§ Directions
When the listing below reaches the line that has "Vibrant cyclist wearing", start reproducing exactly; stop after the line that has "Salat mit Rote", and drop the pictures.

++++ Dataset records

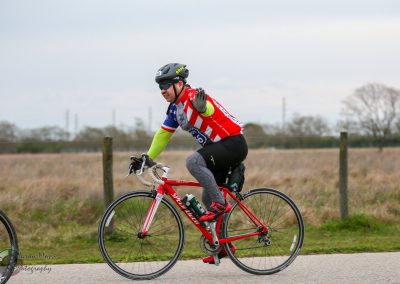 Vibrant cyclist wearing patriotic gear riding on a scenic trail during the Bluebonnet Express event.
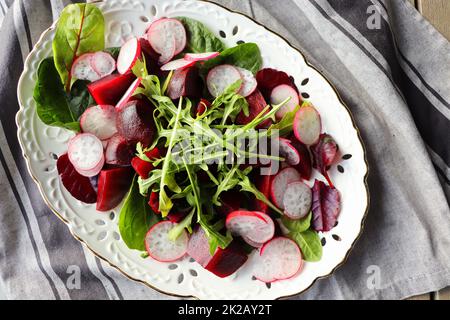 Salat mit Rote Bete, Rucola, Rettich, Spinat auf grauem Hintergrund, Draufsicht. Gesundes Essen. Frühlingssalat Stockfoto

++++++++
++++ Dataset records

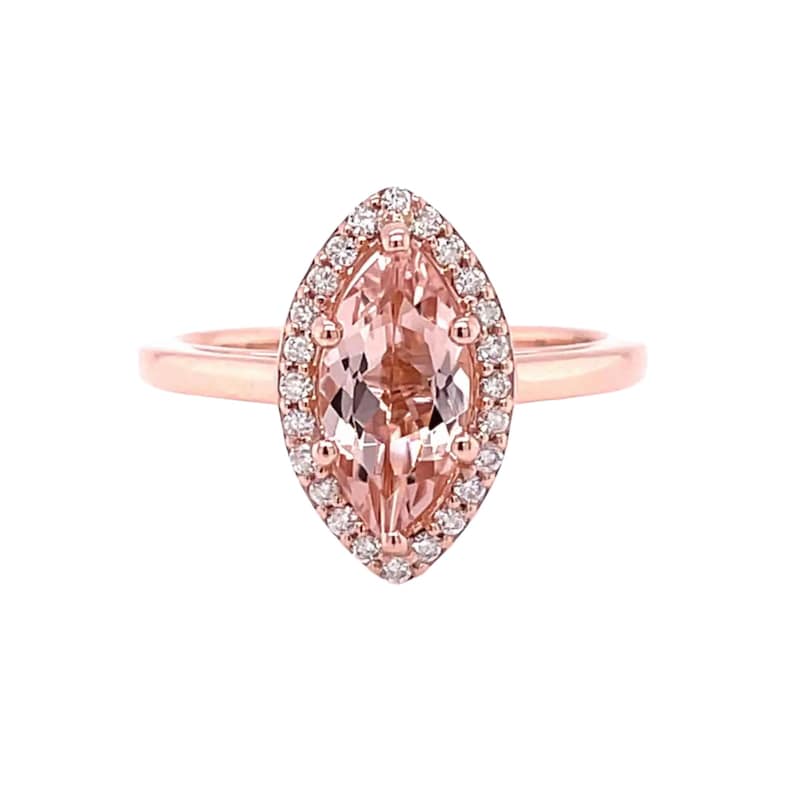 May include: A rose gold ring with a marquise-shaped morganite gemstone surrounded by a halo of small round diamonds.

++++++++

§ Final answer
 Vibrant cyclist wearing patriotic gear riding on a scenic trail during the Bluebonnet Express event.
 Salat mit Rote Bete, Rucola, Rettich, Spinat auf grauem Hintergrund, Draufsicht. Gesundes Essen. Frühlingssalat Stockfoto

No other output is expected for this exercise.